I remember this happening in a prestigious company that I was working for in the mid-1990s. Some of my Japanese co-workers predicted that this was a foretaste of bad things to come and started looking for other work. I innocently believed management when they said that everything was hunky dory.

Guess who was the only person in his section not to have a job to run to, when the company went bankrupt the following year?

5 ( +9 / -4 )

Lowering the air conditioning and removing lights? This saves pennies while causing a serious deterioration of the working conditions for workers, and then their efficiency and productivity will decline.

22 ( +24 / -2 )

In my own small way I do help in penny pinching without being ordered to. I see to it that all toilet seats' heater are off. Imagine in the mid of summer and someone who had the urge to pee or worse poo turn on the seat heater and at times at maximum. What a waste of money! In a previous company I worked for whenever I can(That is whenever I wasn't asked by the Peruvian leader to off earlier.) I used to go to the comfort room just to be sure that the exhaust fan was off. At times on Monday mornings as I was the first to use the toilet, I used to find that the fan was on. Presumably, since the previous week. Some leaders overlook this but it all adds up.

1 ( +4 / -3 )

These penny pinching moves, especially at the expense of employee discomfort, almost always tell you a company is sinking. For large companies like the ones in this article, turning off a few lights will be mostly inconsequential to the bottom line. But worse, they show a company that is focused on cutting petty costs rather than growing real profits, where they should be focused.

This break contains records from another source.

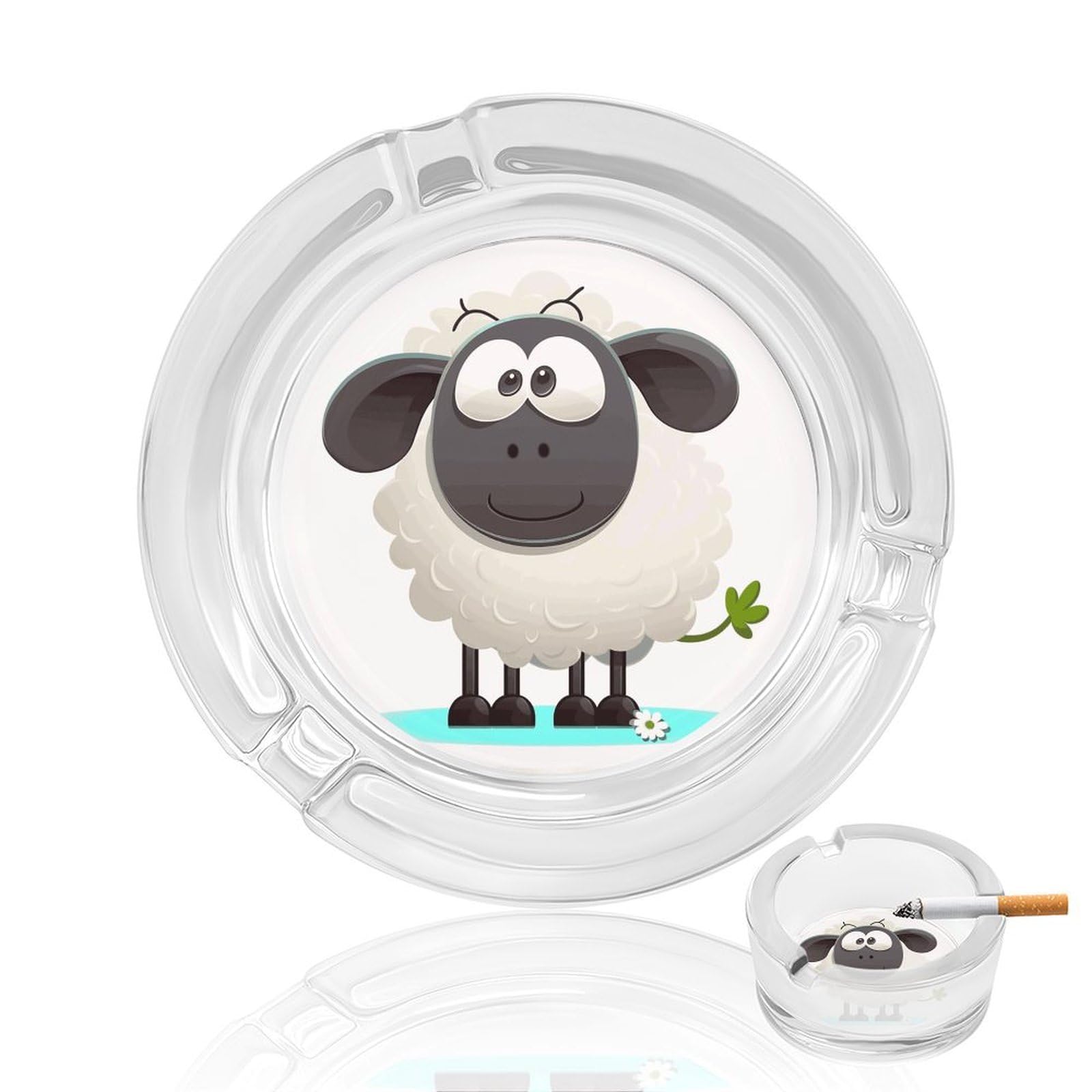 Sheep Ashtray Cigar Cigarette Rest Glass Outdoor Cigar Ashtrays with 3 Grooves Travel Cigar Ashtrays Fancy Cute Cool Ash Tray for Smokers Tabletop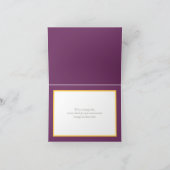 パープル金ゴールドホワイトダフォディルブーケハッピーバースデー カード (内部)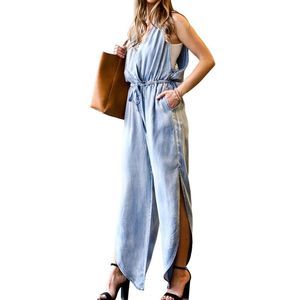 42POPS Light Blue Denim Sleeveless Slit Leg Pocket Jumpsuit Women Size M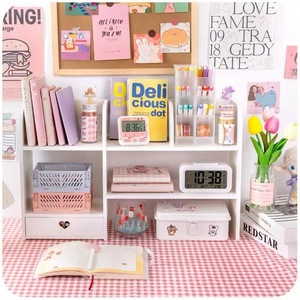 <b>Desktop</b> Storage Rack Wood Plastic Composite 2 Tier Rectangle Office Organizer Makeup <b>Desktop</b> Bedroom Living Room Storage <b>Shelf</b> - Product Image 3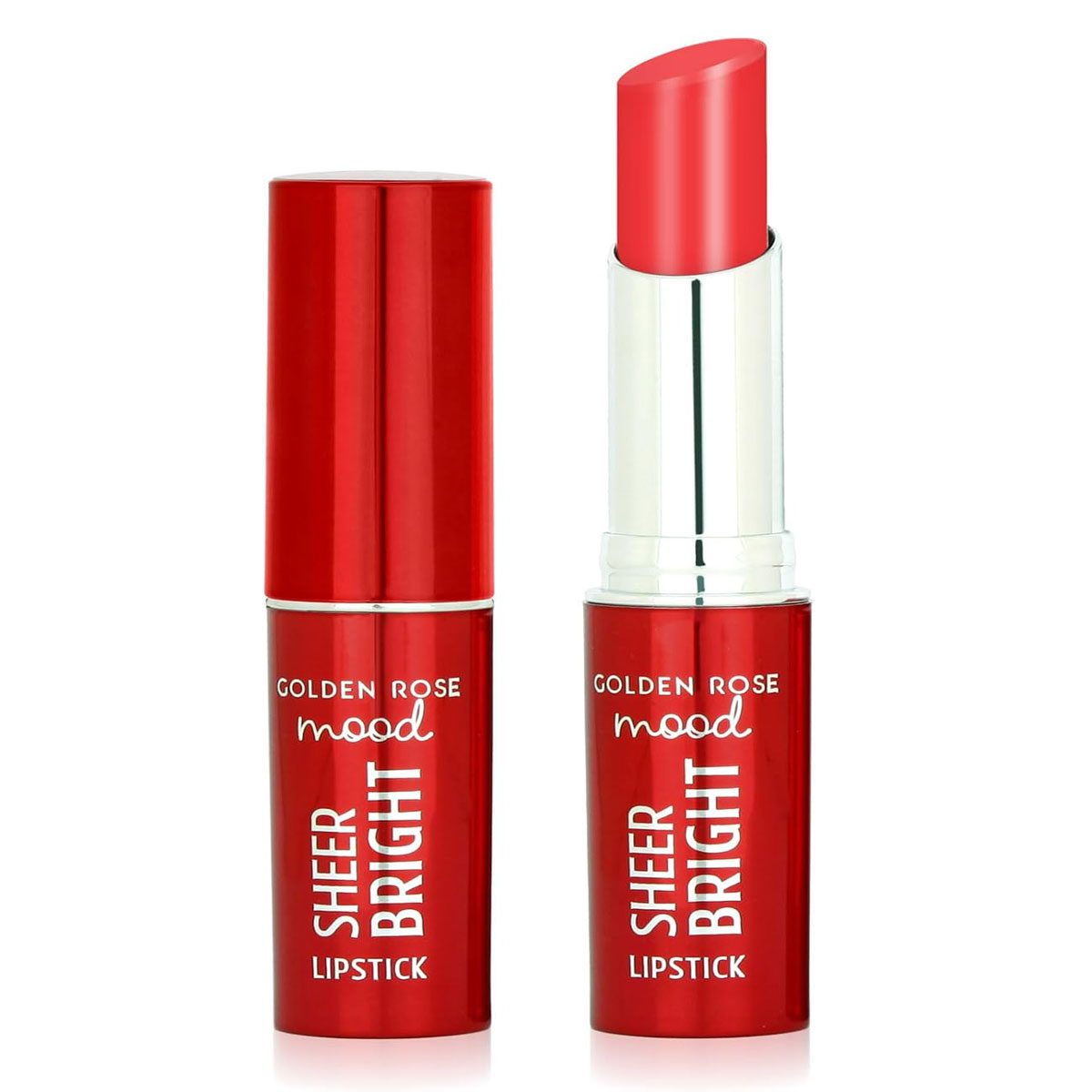 GOLDEN-ROSE-MOOD-SHEER-BRIGHT-LIPSTICK-NO-103-CORAL-RED رژ لب جامد گلدن رز Golden Rose مدل Sheer Bright شماره 103 Coral Red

Very simple math behind this. If you have a million dollar company, maybe 10% of that is fat that can be cut. Once you've done that, you have to start cutting away the muscle (which in business would be the R&D, the sales force, marketing, product quality, morale, etc.). So you save 100K before the company starts to consume itself. Even if the company disappears, the most that can be saved in a million dollar company is a million dollars.

Conversely, a million dollar company always has the potential to make more profit, on which there is theoretically no limit. A million dollar company can either seek to make 10 million more in profit, or seek to save 100,000 by turning off the air-con. If they choose the latter, they are finished.

11 ( +14 / -2 )

MIndless masochism. Just another wa-building exercise.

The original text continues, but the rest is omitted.